▸ **What you should do**: Begin at the line containing "Outlet Covers Vintage" and retype each line through the end of the records exactly. Include nothing else and no pictures.

▸ **Excerpted records**:
═══

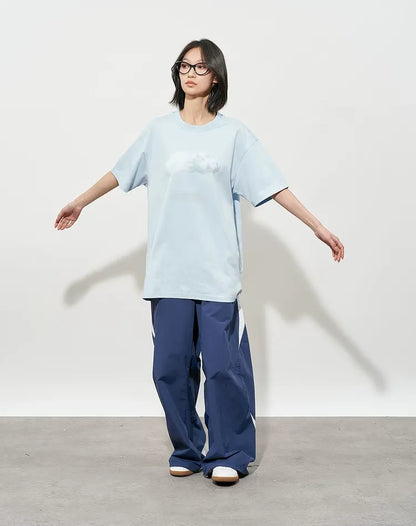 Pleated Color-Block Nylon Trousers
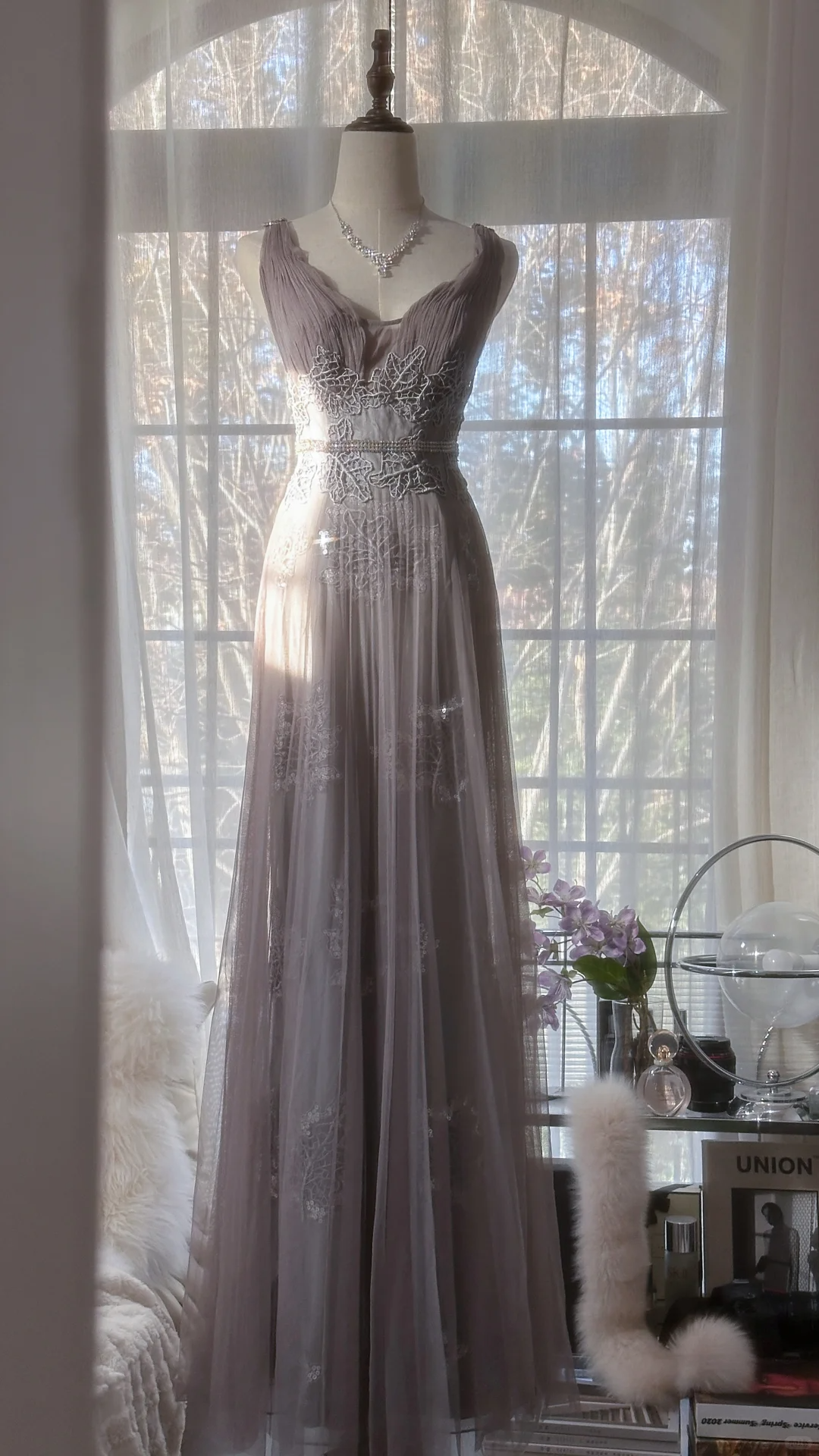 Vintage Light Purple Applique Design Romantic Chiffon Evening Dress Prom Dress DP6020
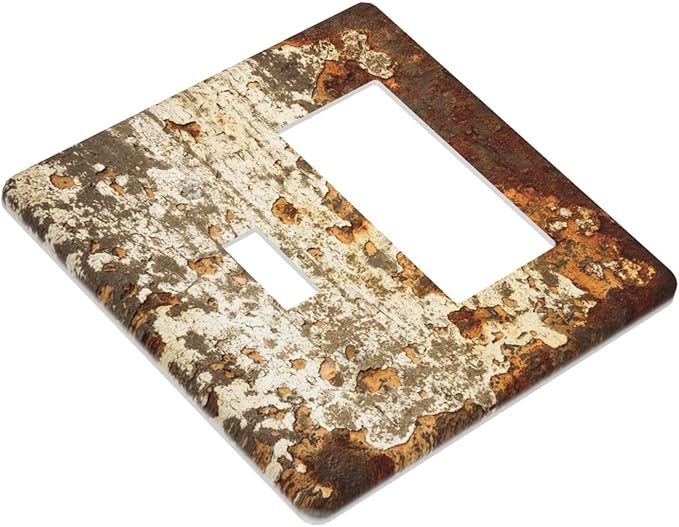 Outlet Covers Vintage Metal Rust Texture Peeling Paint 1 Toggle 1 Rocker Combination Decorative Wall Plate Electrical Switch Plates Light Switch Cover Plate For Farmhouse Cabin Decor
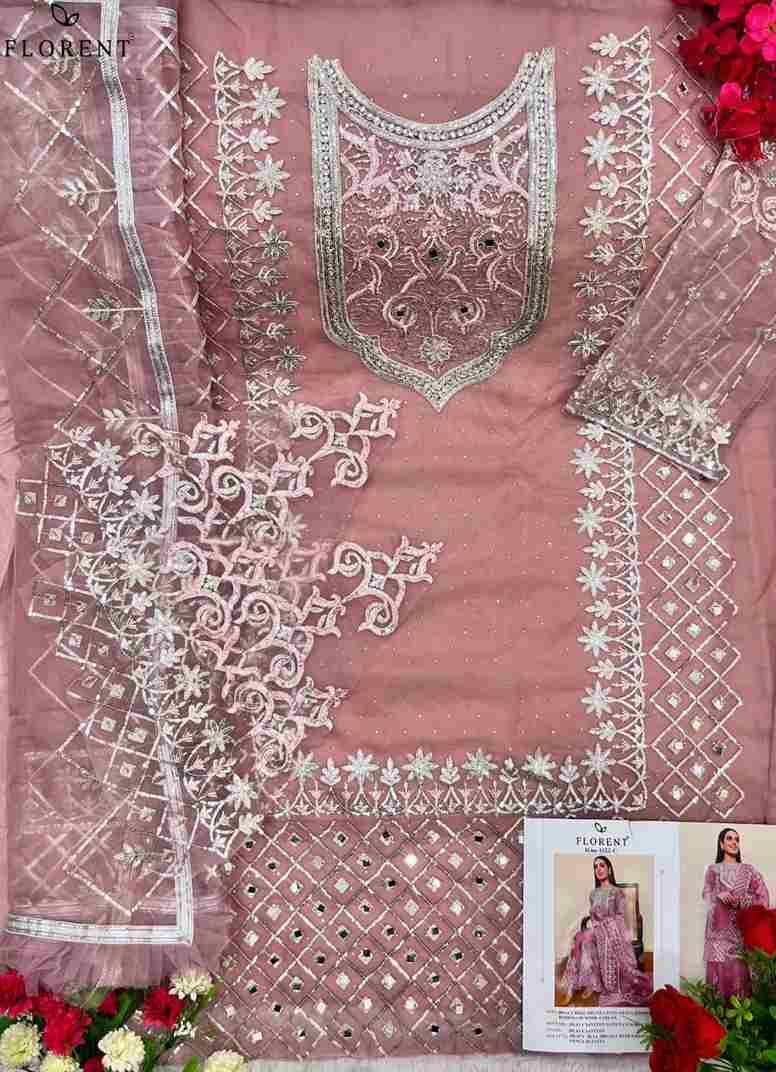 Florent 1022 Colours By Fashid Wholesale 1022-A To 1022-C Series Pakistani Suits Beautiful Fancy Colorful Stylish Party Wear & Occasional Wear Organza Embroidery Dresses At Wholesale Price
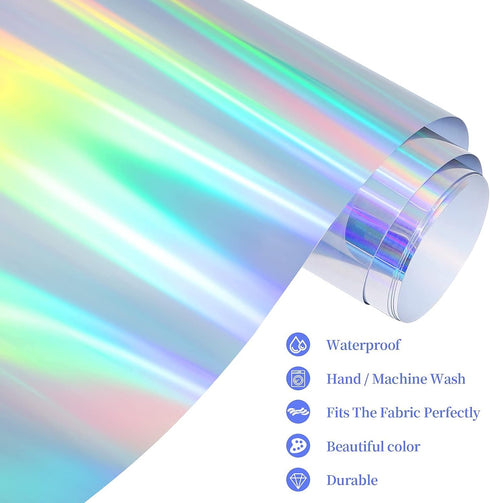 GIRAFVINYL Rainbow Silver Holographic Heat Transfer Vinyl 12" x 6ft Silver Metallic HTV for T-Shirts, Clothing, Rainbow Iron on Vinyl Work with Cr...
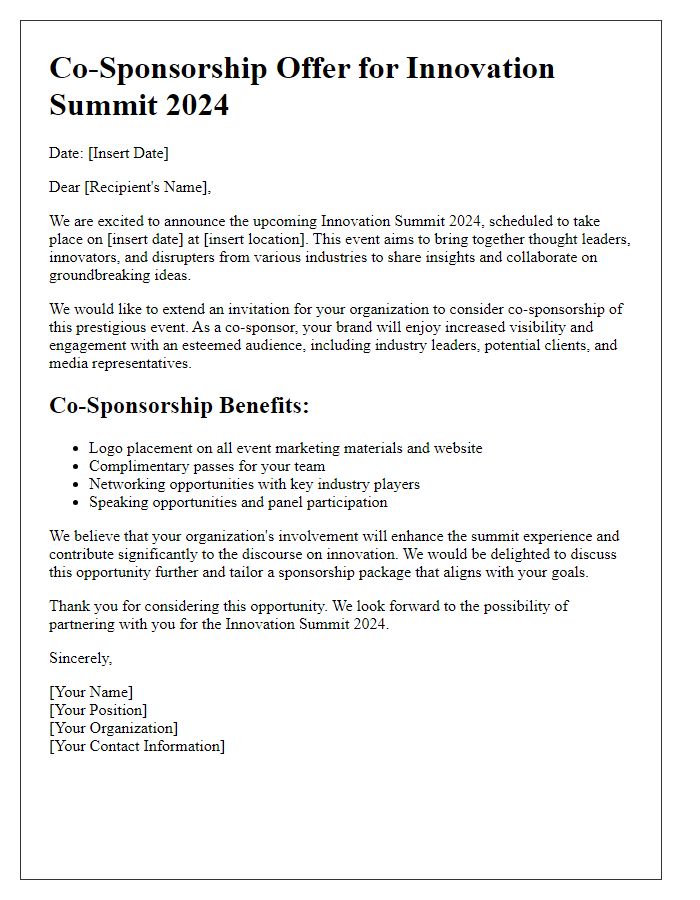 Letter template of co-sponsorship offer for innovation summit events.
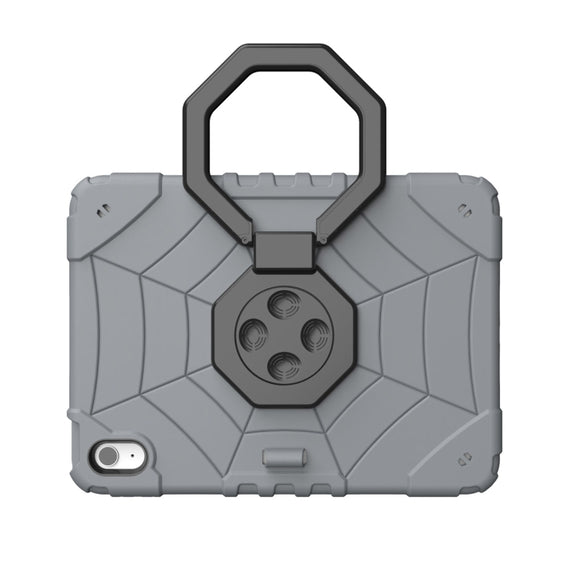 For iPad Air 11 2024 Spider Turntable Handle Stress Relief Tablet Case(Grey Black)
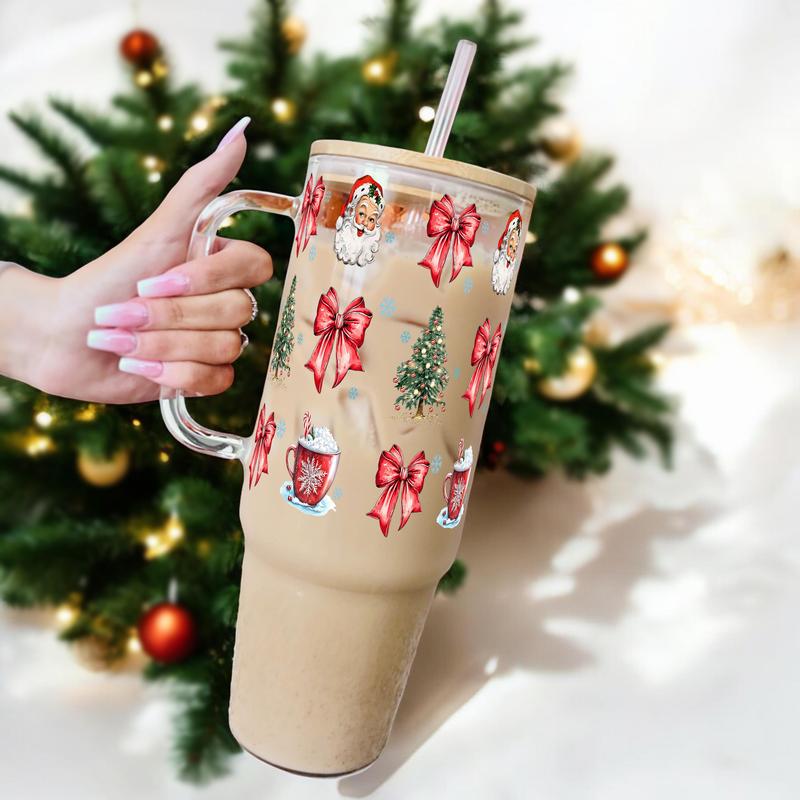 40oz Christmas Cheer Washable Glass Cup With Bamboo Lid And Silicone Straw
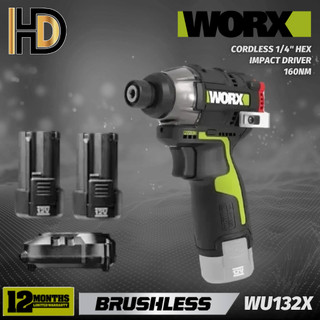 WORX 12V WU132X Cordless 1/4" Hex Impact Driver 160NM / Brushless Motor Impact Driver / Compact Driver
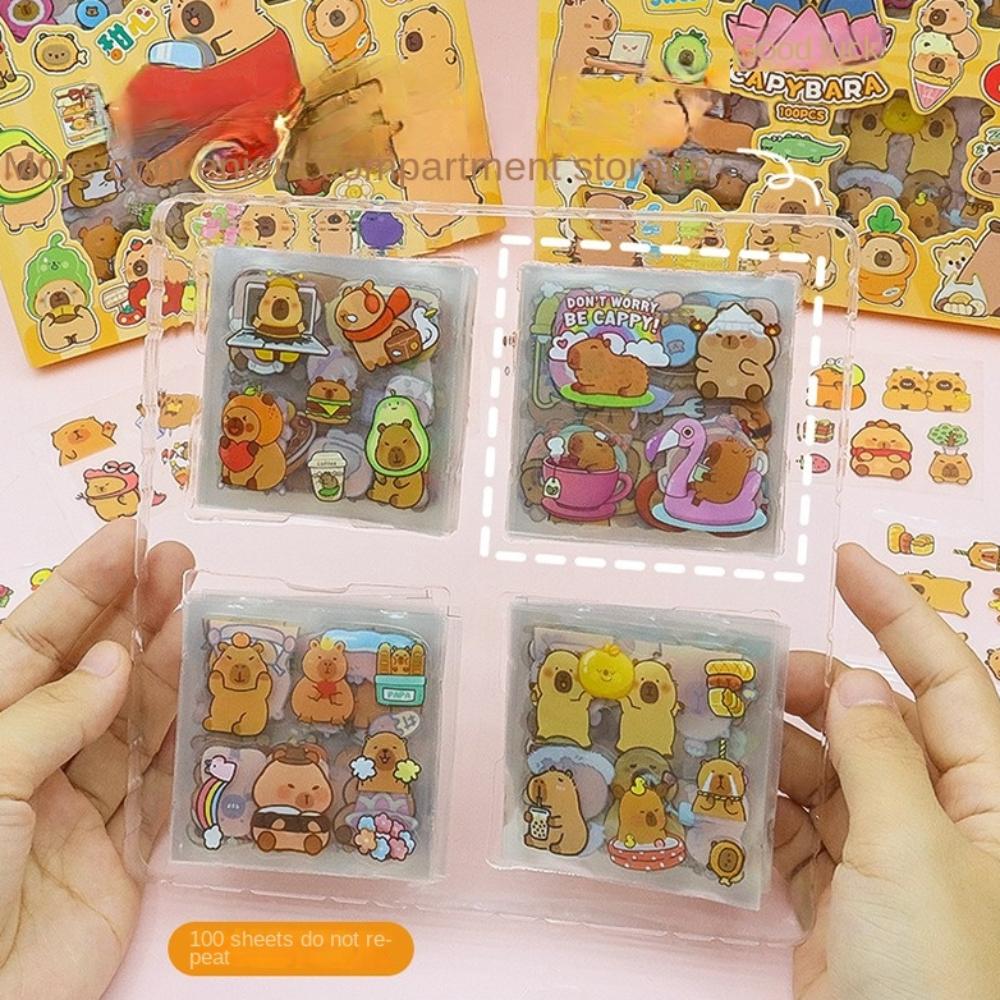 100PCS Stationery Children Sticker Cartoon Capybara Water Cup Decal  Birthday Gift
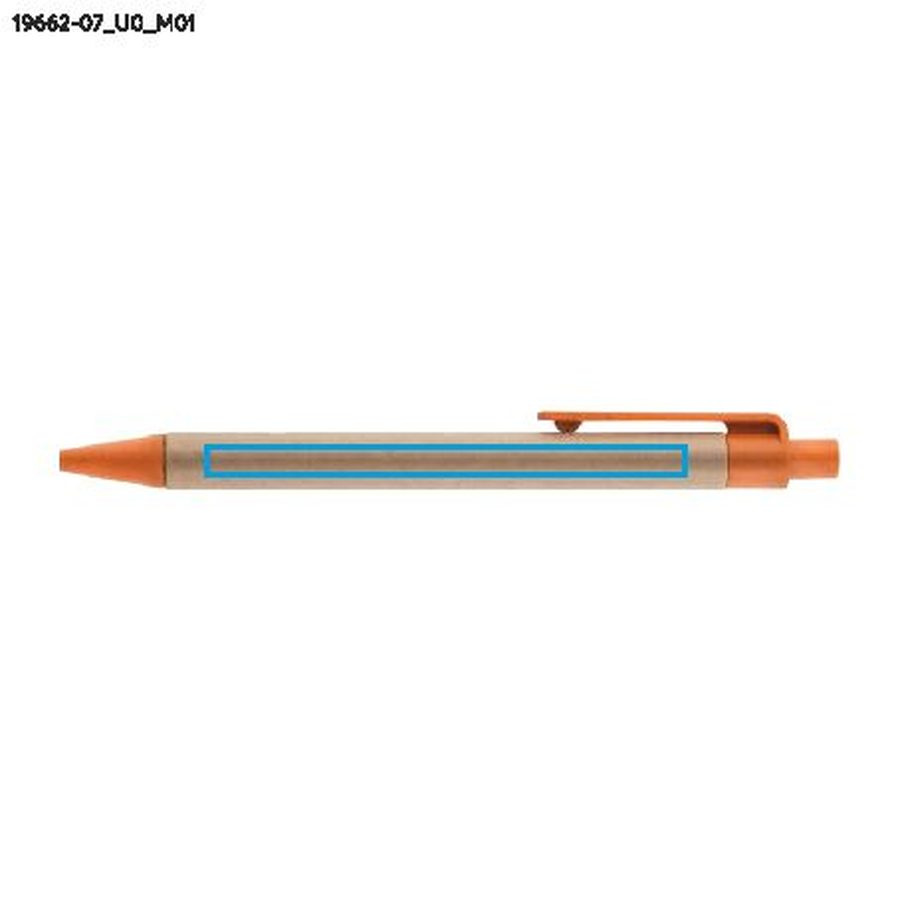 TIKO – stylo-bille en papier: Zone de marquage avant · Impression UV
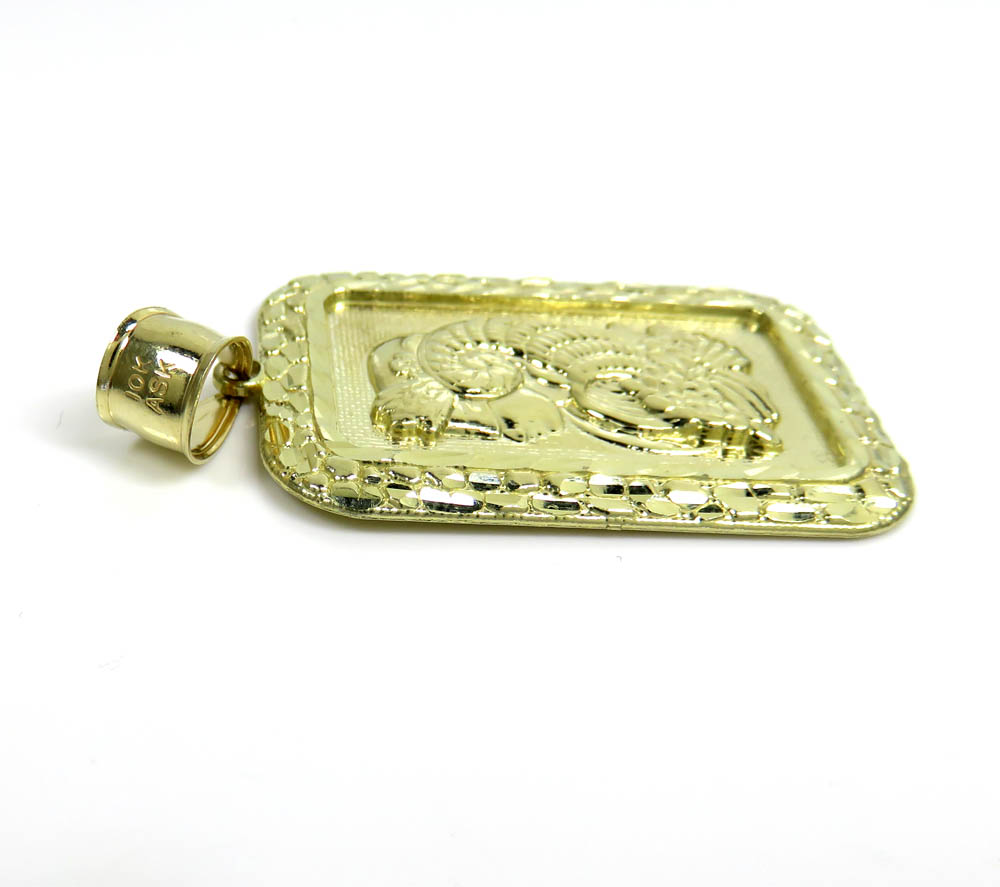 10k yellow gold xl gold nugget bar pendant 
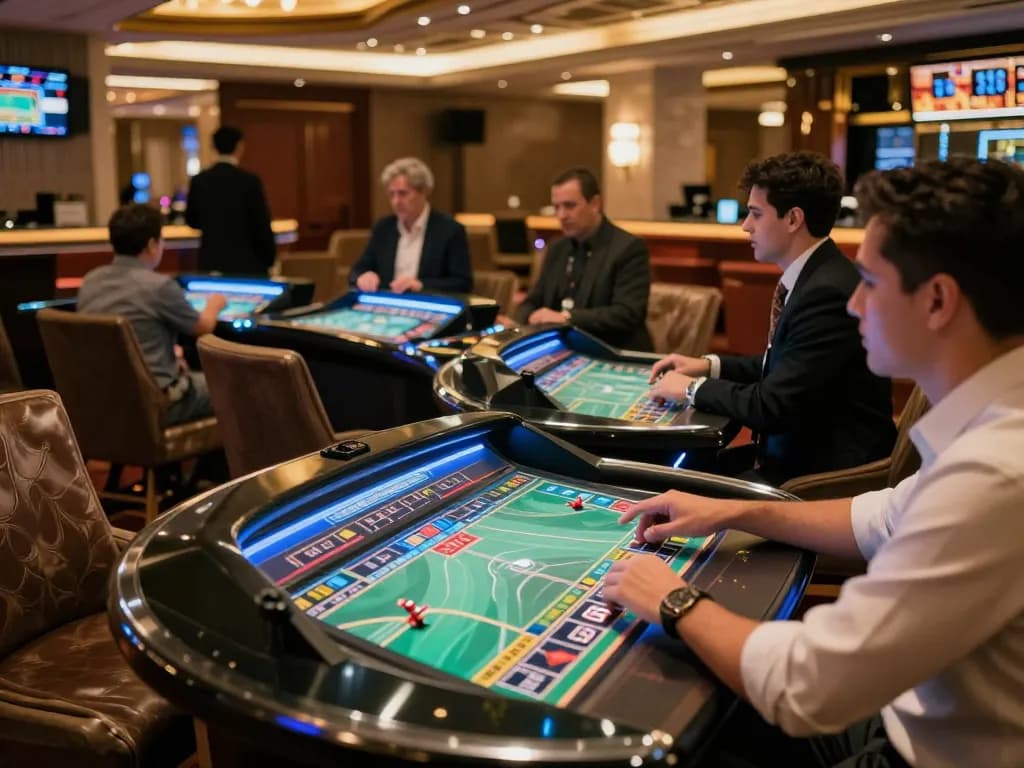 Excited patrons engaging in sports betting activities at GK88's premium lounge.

═══

▸ **Response area**:
 Outlet Covers Vintage Metal Rust Texture Peeling Paint 1 Toggle 1 Rocker Combination Decorative Wall Plate Electrical Switch Plates Light Switch Cover Plate For Farmhouse Cabin Decor
 Florent 1022 Colours By Fashid Wholesale 1022-A To 1022-C Series Pakistani Suits Beautiful Fancy Colorful Stylish Party Wear & Occasional Wear Organza Embroidery Dresses At Wholesale Price
 GIRAFVINYL Rainbow Silver Holographic Heat Transfer Vinyl 12" x 6ft Silver Metallic HTV for T-Shirts, Clothing, Rainbow Iron on Vinyl Work with Cr...
 Letter template of co-sponsorship offer for innovation summit events.
 For iPad Air 11 2024 Spider Turntable Handle Stress Relief Tablet Case(Grey Black)
 40oz Christmas Cheer Washable Glass Cup With Bamboo Lid And Silicone Straw
 WORX 12V WU132X Cordless 1/4" Hex Impact Driver 160NM / Brushless Motor Impact Driver / Compact Driver
 100PCS Stationery Children Sticker Cartoon Capybara Water Cup Decal  Birthday Gift
 TIKO – stylo-bille en papier: Zone de marquage avant · Impression UV
 10k yellow gold xl gold nugget bar pendant 
 Excited patrons engaging in sports betting activities at GK88's premium lounge.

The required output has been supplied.